The Appellant’s attempt to submit the same argument to the Federal Tribunal by way of a grievance derived from an alleged breach of procedural public policy is doomed from the start. According to constant case law, public procedural policy within the meaning of Art. 190 (2) (e) PILA is only a subsidiary guarantee which can be invoked only if none of the means of recourse provided at Art. 190 (2) (a) to (d) PILA can be considered (judgment 4A_530/20116 of October 3, 2011 at 3.2). Conceived in this way the guarantee is a precautionary norm for procedural breaches which the legislature would not have considered when adopting the other parts of Art. 190 (2) PILA. It does not purport at all to enable a party to raise an argument falling within Art. 190 (2) (a) to (d) PILA yet inadmissible for another reason.

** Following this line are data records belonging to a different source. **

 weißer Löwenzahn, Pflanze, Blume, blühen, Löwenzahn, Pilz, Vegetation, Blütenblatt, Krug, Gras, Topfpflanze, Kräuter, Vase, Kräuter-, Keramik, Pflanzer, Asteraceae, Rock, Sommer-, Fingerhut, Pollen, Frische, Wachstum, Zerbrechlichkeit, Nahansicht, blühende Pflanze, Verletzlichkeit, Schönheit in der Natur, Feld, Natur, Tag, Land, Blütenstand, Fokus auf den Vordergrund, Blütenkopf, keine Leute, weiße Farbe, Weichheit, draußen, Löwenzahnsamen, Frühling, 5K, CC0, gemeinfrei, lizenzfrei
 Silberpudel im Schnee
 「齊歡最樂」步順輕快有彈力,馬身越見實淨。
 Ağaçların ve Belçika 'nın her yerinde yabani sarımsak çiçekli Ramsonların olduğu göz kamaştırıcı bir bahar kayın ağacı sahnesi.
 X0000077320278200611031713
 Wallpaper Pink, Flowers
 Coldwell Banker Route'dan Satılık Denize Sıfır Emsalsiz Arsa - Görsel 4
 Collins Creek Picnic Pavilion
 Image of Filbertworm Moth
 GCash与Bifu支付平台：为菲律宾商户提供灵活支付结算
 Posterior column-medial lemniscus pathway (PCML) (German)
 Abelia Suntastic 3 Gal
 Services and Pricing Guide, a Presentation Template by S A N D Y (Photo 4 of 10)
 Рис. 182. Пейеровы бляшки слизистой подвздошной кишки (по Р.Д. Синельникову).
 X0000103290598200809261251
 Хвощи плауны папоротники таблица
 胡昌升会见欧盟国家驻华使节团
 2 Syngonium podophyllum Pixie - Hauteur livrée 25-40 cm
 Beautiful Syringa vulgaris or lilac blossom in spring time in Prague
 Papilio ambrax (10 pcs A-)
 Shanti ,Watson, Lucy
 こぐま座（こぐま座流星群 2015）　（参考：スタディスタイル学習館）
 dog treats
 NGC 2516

Consequently the grievance derived from the alleged breach of procedural public policy is inadmissible as well. This means that the Appellant vainly tried to challenge the composition of the Arbitral tribunal.




In a second group of arguments the Appellant claims a violation of Art. 190 (2) (b) PILA. First of all it argues that the Arbitral tribunal should not have seized itself of the dispute again on its own initiative after the notification of the judgment of the Federal Tribunal of May 16, 2011 when no statutory or contractual basis would create its jurisdiction to issue a new award. Furthermore it argues that the Arbitral tribunal decided extra potestatem by adjudicating the issue in dispute ex aequo et bono when it was not authorized to do so by the Parties. These two grievances, the pertinence of which is challenged by the Respondent, must be examined successively.



In the award under appeal the Arbitral tribunal sets forth in details the reasons that led it to find in favor of jurisdiction to decide the issue of the absolute limitation period of the claim (p. 53 to 61, nr 236 to 251). Its demonstration appears convincing in all respects and the Appellant’s arguments to the contrary are not such as to call it in question.


3.1.1 From a theoretical point of view it is true that, as the Appellant emphasizes, the maxim lata sententia iudex desinit esse iudex means that a judge is no longer seized of the matter from the time when a judgment is issued, to the extent that he can no longer modify it (ATF 130 IV 101 at 2.1; 122 I 97 consid. 3a/bb p. 99; on functus officio [Unabänderlichkeit]7 and the disputed issue of the decisive time in this regard – the time the decision is made or communicated – see among others: Fabienne HOHL, Procédure civile, tome I, 2001, nr 1232 to 1234 and 1265 to 1268). That which applies to a Court is also valid for an arbitrator, in international arbitration as in national arbitration: the award is final from its communication (Art. 190 (1) PILA), which is when it has the same effects as an enforceable judicial decision (Art. 387 CCP). Thus, once the final award is issued, the arbitral tribunal sees its jurisdiction disappear and becomes functus officio, with some exceptions (BERGER/KELLERHALS, op. cit., nr 915a; PHILIPPE SCHWEIZER, in Code de procédure civile commenté, 2011, nr 7 ad Art. 395 CCP).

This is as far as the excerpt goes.